[Material supplied Boundary: Start]

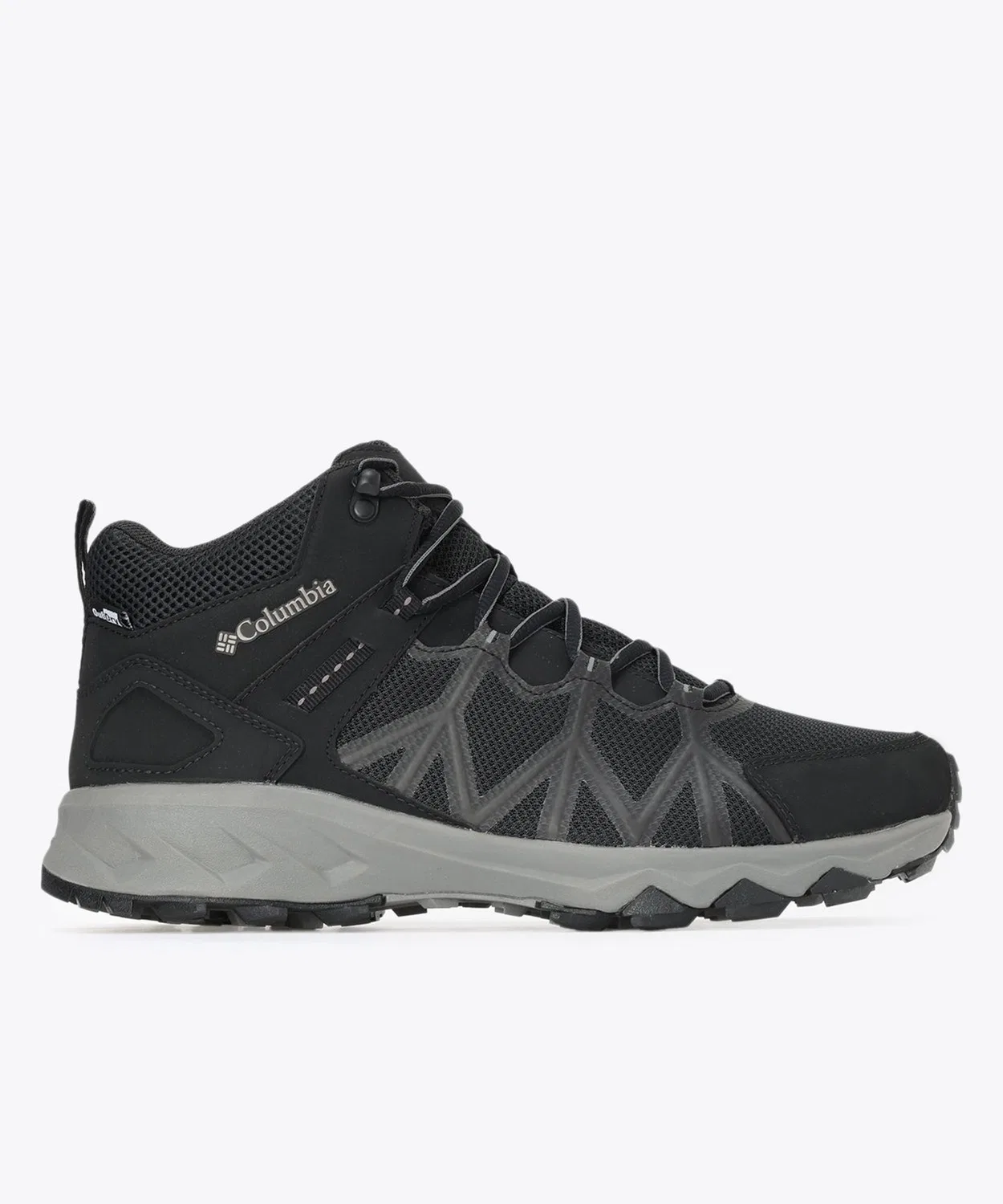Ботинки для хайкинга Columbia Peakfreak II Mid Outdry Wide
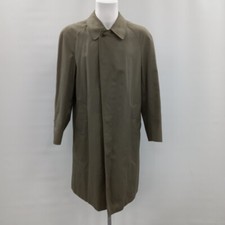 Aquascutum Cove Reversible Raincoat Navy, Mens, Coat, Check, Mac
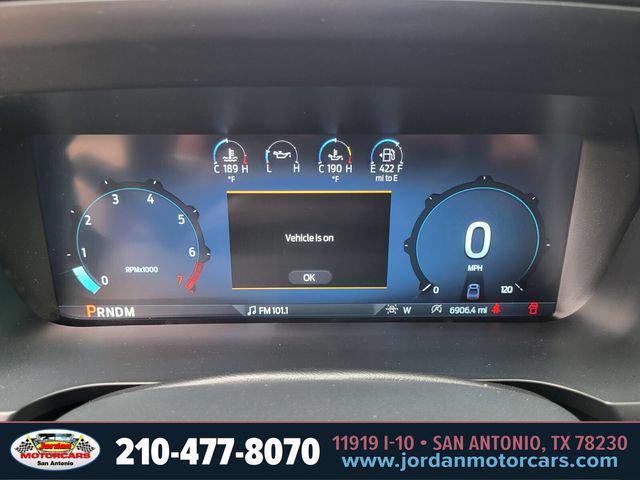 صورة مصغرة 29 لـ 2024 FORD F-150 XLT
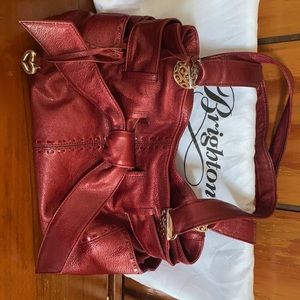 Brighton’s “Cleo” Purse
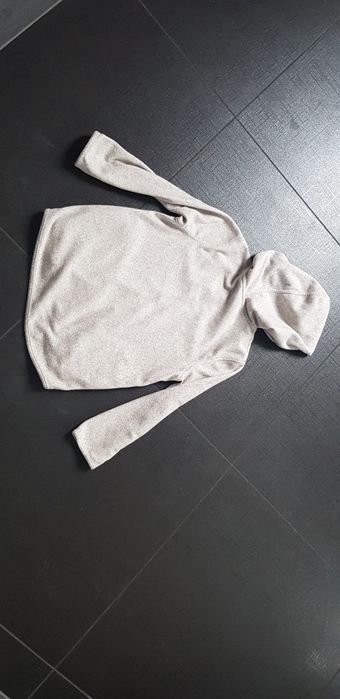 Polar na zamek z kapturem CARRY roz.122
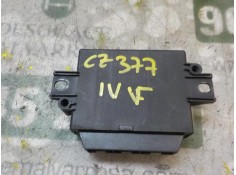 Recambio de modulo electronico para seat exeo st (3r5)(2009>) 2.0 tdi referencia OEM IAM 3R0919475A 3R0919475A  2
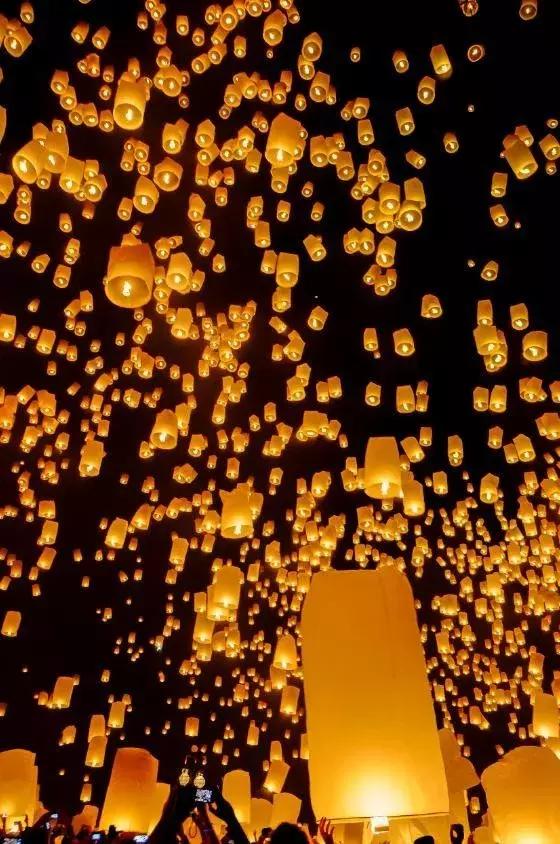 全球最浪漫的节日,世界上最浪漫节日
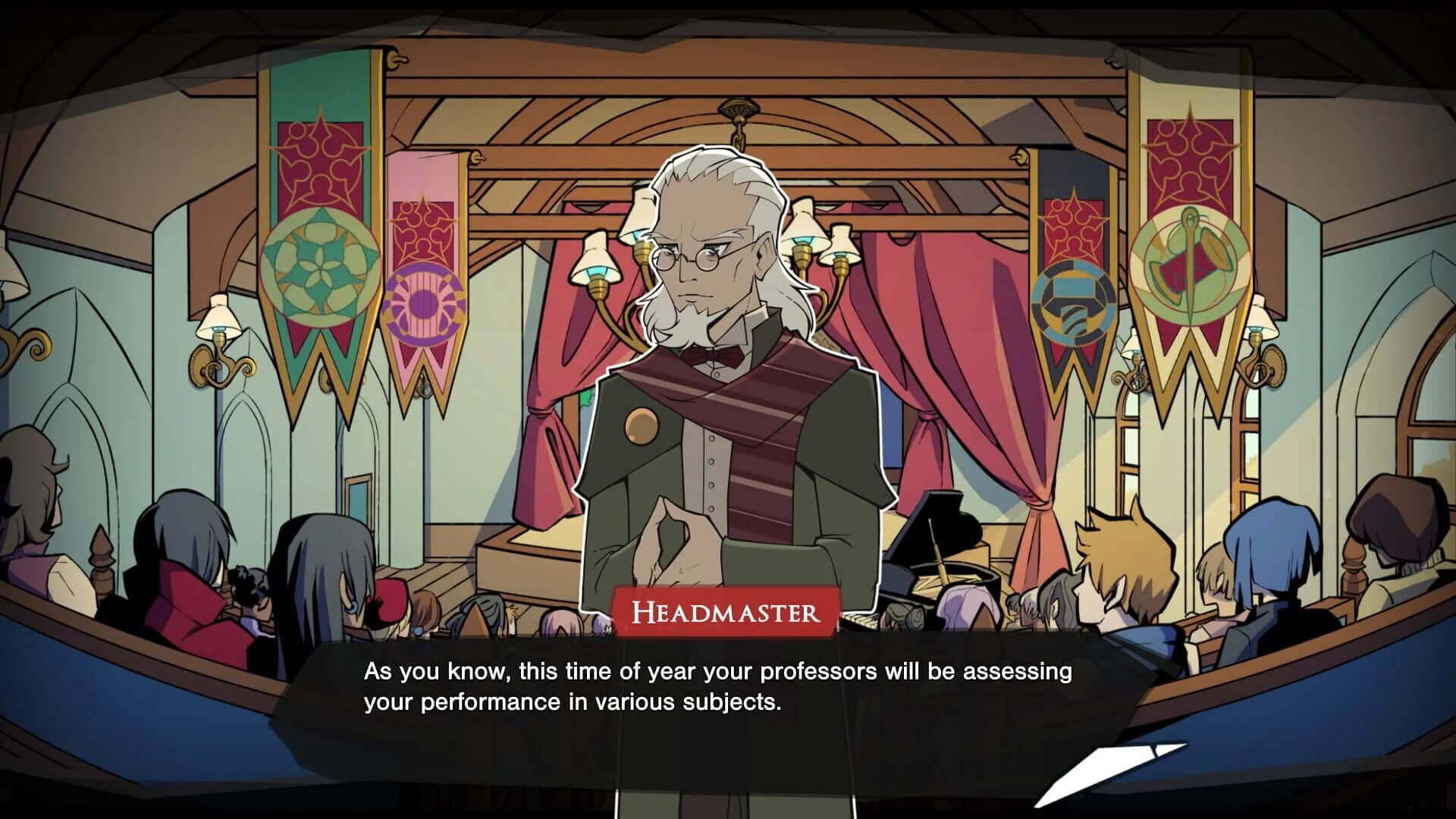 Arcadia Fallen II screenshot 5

[Material supplied Boundary: End]
[Material supplied Boundary: Start]

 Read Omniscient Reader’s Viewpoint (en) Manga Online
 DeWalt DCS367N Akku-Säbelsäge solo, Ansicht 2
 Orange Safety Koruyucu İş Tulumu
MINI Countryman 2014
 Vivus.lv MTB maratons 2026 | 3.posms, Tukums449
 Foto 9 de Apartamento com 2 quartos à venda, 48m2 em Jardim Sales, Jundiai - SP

[Material supplied Boundary: End]

- _What this task involves_
Print, word for word, the lines above that run from the line containing "Ботинки для хайкинга" to the line containing "Arcadia Fallen II screenshot 5", both included. Keep the pictures out.

- _Response to this exercise_
Ботинки для хайкинга Columbia Peakfreak II Mid Outdry Wide
 Aquascutum Cove Reversible Raincoat Navy, Mens, Coat, Check, Mac
 صورة مصغرة 29 لـ 2024 FORD F-150 XLT
 Brighton’s “Cleo” Purse
 Polar na zamek z kapturem CARRY roz.122
 Recambio de modulo electronico para seat exeo st (3r5)(2009>) 2.0 tdi referencia OEM IAM 3R0919475A 3R0919475A  2
 全球最浪漫的节日,世界上最浪漫节日
 Arcadia Fallen II screenshot 5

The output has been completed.